Emily Walker, a Fort Frye High School sophomore, offered a typical reply when asked why she came on the tour.
“I’m just keeping my options open,” she said.
Grimm Scientific is headquartered in a small, unobtrusive building along the western strip of Pike Street. Marketing and sales director Todd Foraker showed his group of students how the company’s niche products are made – Grimm manufactures control systems for sports medicine and therapy, including whirlpool baths and cold compression therapy machinery.
Students saw demonstrations of circuit board soldering, pipe brazing and sandblasting, and got a look at a custom double whirlpool bath that uses Grimm controls.
“We do custom work, so the people here are engineers that use CAD systems, electrical technicians,” he said. Foraker said the plant employs 16 people and hopes to expand in the near future.
At Deep Rock Disposal south of Marietta on Ohio 7, general manager John W. “Wes” Mossor told his group the company employs 20 people ranging from high school graduates to professionals with four-year degrees. He and Brian Chavez, a chemical engineer and part of the company’s ownership group, said Deep Rock, which specializes in disposal of drilling and energy well water, and other energy companies in the area need skills ranging from degreed professionals like engineers and geologists to truck drivers and laborers.

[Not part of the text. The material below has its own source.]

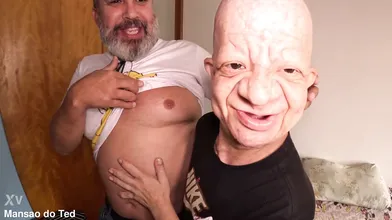 Isa Moura meets Bruno Diferente at Ted's Mansion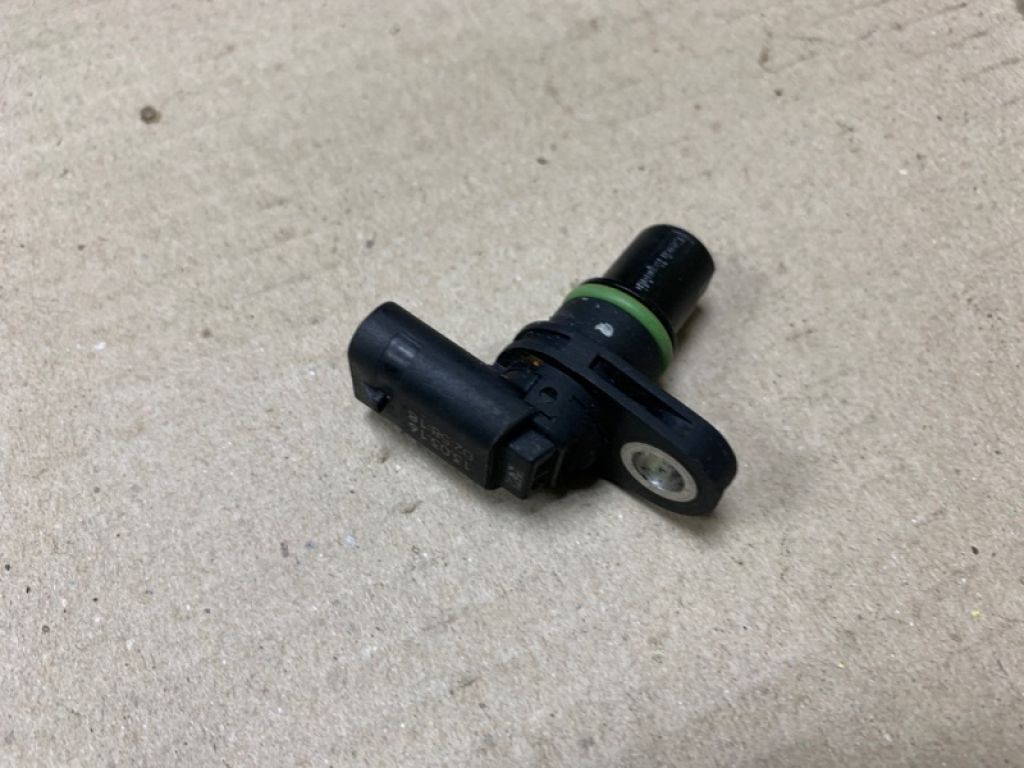 04C 907 601 A | Датчик положения распредвала VOLKSWAGEN JETTA USA 10-17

“Not everyone needs to go to college,” Chavez said. “There are plenty of opportunities in this field for everyone.”
“We need dependable, reliable people,” Mossor said. “This (the energy sector) is probably the fastest growing industry in the U.S.”
The groups returned to WSCC for a networking lunch, with several manufacturing representatives answering questions and explaining their fields.
Lance Snyder, a sophomore at Frontier, said the plasma cutting table at Micromachine Works in Vincent captured his interest.
“I really liked the way they could make articles using machines directed by computers,” he said. “I might consider something like that if my plans fall through.”
Snyder said as of now he’s planning to go into medicine, possibly nursing.
Although Rachel Slan, another Frontier freshman, was impressed by the giant brine tank at Deep Rock, she said she’s not likely to pursue a career in that direction.
“I’m interested in becoming a mortician, or maybe interior design,” she said.
Nathan Been, a Belpre sophomore, also found the brine tank memorable but for now isn’t considering energy work as a career.
“I’m looking at becoming an auto mechanic,” he said.
Jeff Hollister with Vanguard Paints and Finishes sat down with a group of students for lunch and showed them work flow documents from his operation while having lunch with them.
“This is great,” he said later. “Manufacturing needs lots more qualified young people. It’s good pay – the average in Ohio is $58,000 – it has opportunities, and statewide there are thousands of jobs. They’ll remember these tours, and in a couple of years maybe they’ll think about this as a career.”